Personal finance is largely a matter of preference. You don’t need to use a budgeting strategy to manage your money any more than you need a car to get around your city. Some people see it as the easy mode of transportation, while others find the maintenance, insurance and fuel costs a hassle. Whatever you prefer, it’s only important that it works for you.
The Purpose of Budgeting
Not all budgets are the same. Some people allocate their money to very detailed expenses and obey them to the dollar, while others use budgets in a more general sense. It’s really just a plan: You decide where your money is going before you spend it, and the idea is to stick to it.
Budgets are tools people use to reach their goals and make sure they’re spending only what they can afford. You can do those things without pre-determining where you’ll spend your money, but the lack of structure in your finances could make it more challenging to know your progress and adjust any habits that may be detrimental to your financial endgame.
Drawbacks to Budgeting
No one thinks it’s fun to budget. (OK fine, I love budgeting, but I’m a bit nerdy like that, and even I find it frustrating at times.) Putting together a budget presents you with the reality that you may not be able to afford eating out as much as you’d like, or that your monthly clothes-shopping bill needs to go down drastically if you ever expect to retire.
At the same time, some people can get obsessive about their budgets, focusing too much on the plan and forgetting to adapt when necessary. Things like gas prices and electricity bills fluctuate constantly, so your budget needs some flexibility, too.

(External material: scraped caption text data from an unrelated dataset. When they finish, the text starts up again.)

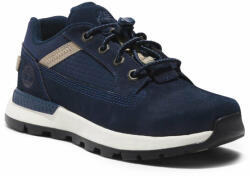 Timberland Sportcipők Timberland Killington Trekker Low Lace Sneaker TB0A691WW061 Navy Nubuck 38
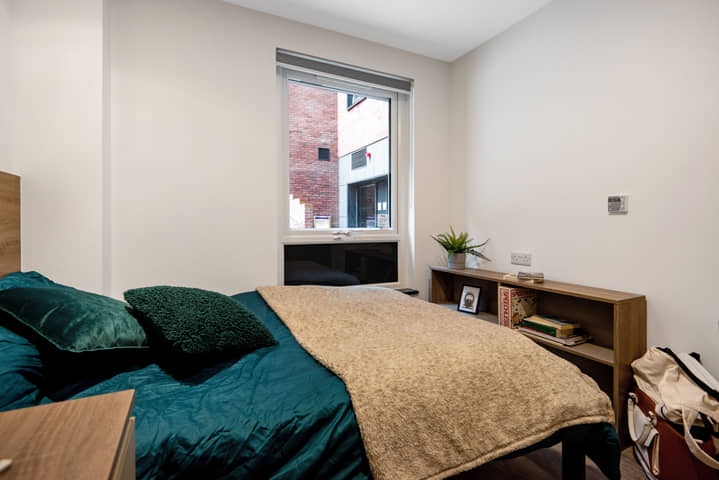 Coppergate, Swansea Student Accommodation | Amber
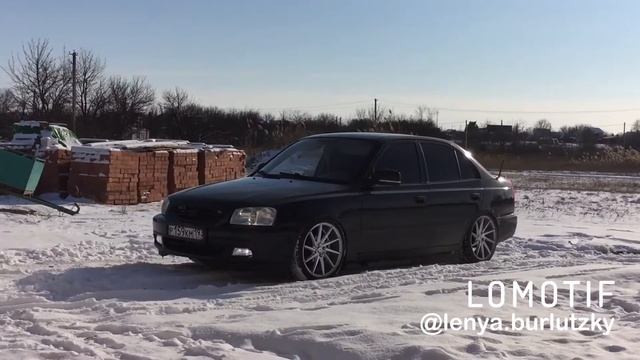 Акцент на воссенах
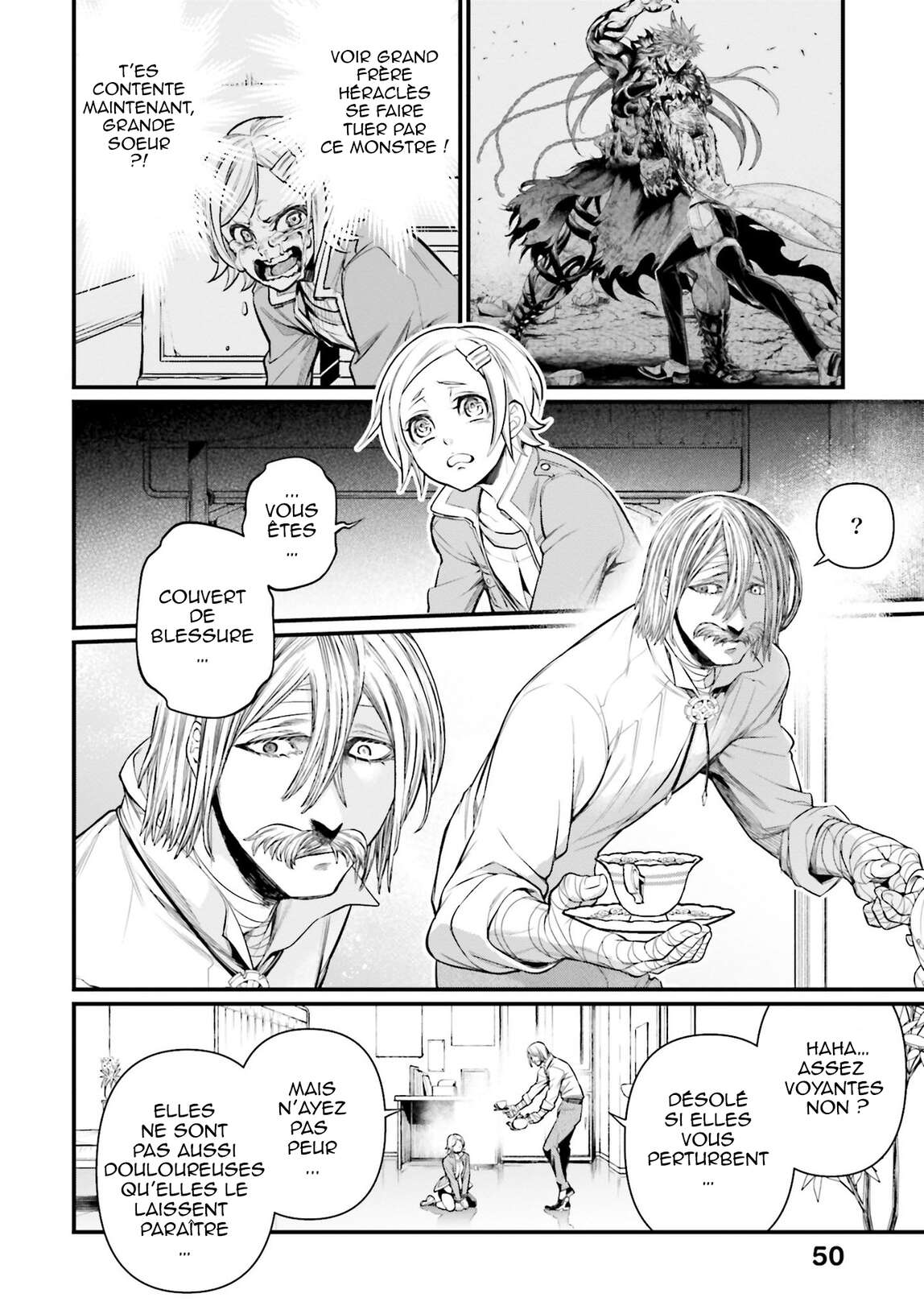 Read Valkyrie Apocalypse VF Manga Online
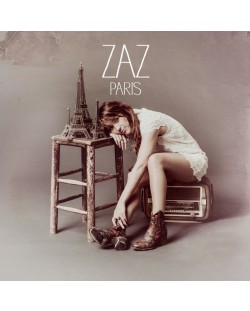 Zaz - Paris, Limited Edition (CD+DVD)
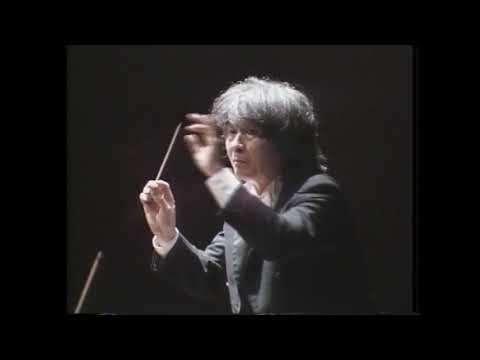 Brahms: Symphony No.4 & J. Strauss: Die Fledermaus ouverture - Seiji Ozawa & VPO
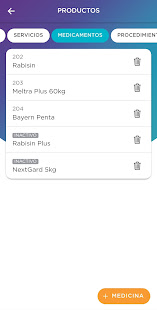 Gestiu00f3n Veterinaria 2.1.15 APK screenshots 8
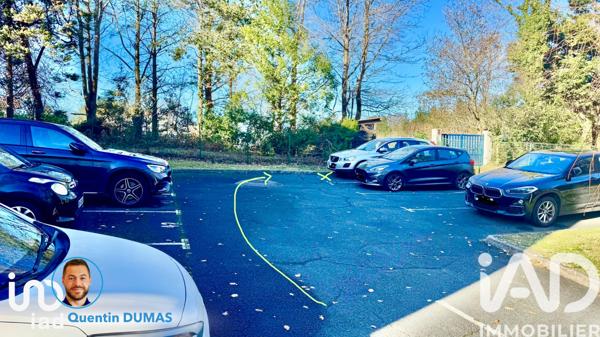 Appartement à vendre 1 pièce 32 m² Saint-Jean-de-Luz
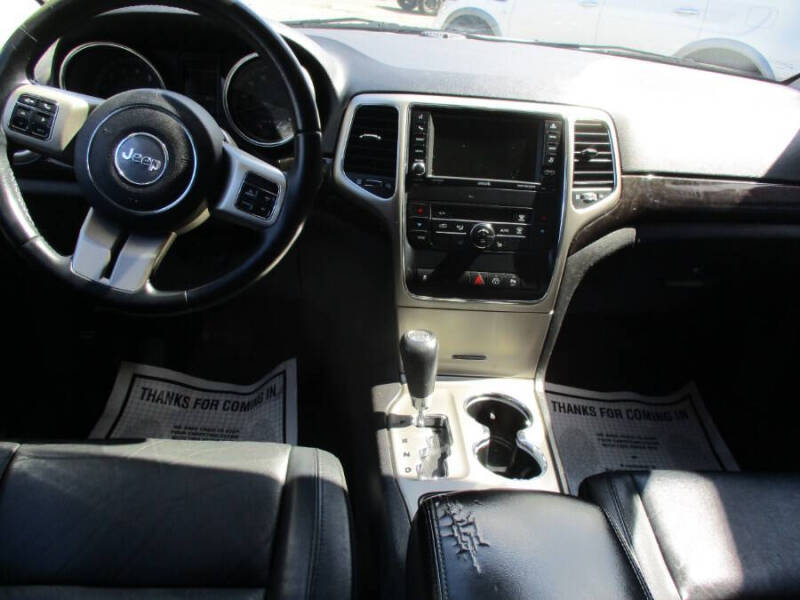 2013 Jeep Grand Cherokee
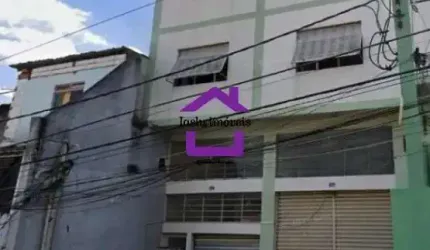 OPORTUNIDADE!! | Prédio residencial com 6 aptos, salão comercial e garagem c/ 4 vagas em ótima localização | Próx à Av. Engenheiro Caetano Álvares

Setting aside money for the fun stuff is just as important as allocating for the so-called responsible things, because if you don’t permit yourself any fun, you’re more likely to get off track with an impulsive, feel-good purchase you may not need.
Financial responsibility doesn’t mean you have to be cheap. In a Reddit discussion thread covering this topic, one poster wrote, “Budgets just don’t sit right with me. I hate the idea of getting something that isn’t good enough just because I didn’t want to pay more.”
This is where the flexibility comes in. If you need to buy something ASAP, you may have to cut back on another adjustable expense to pay for it, if you think a higher-priced option will provide superior quality. Maybe you’ll just have to wait until the next month or two to buy whatever it is, so you can afford the item you really want.
A budget isn’t telling you what you can’t buy. One respondent to the one Redditor’s comment highlighted an important perspective: “You must stop thinking of it as a sacrifice.” Whether you’re categorizing all your planned spending or merely tracking cash flow, the important thing is to live within your means.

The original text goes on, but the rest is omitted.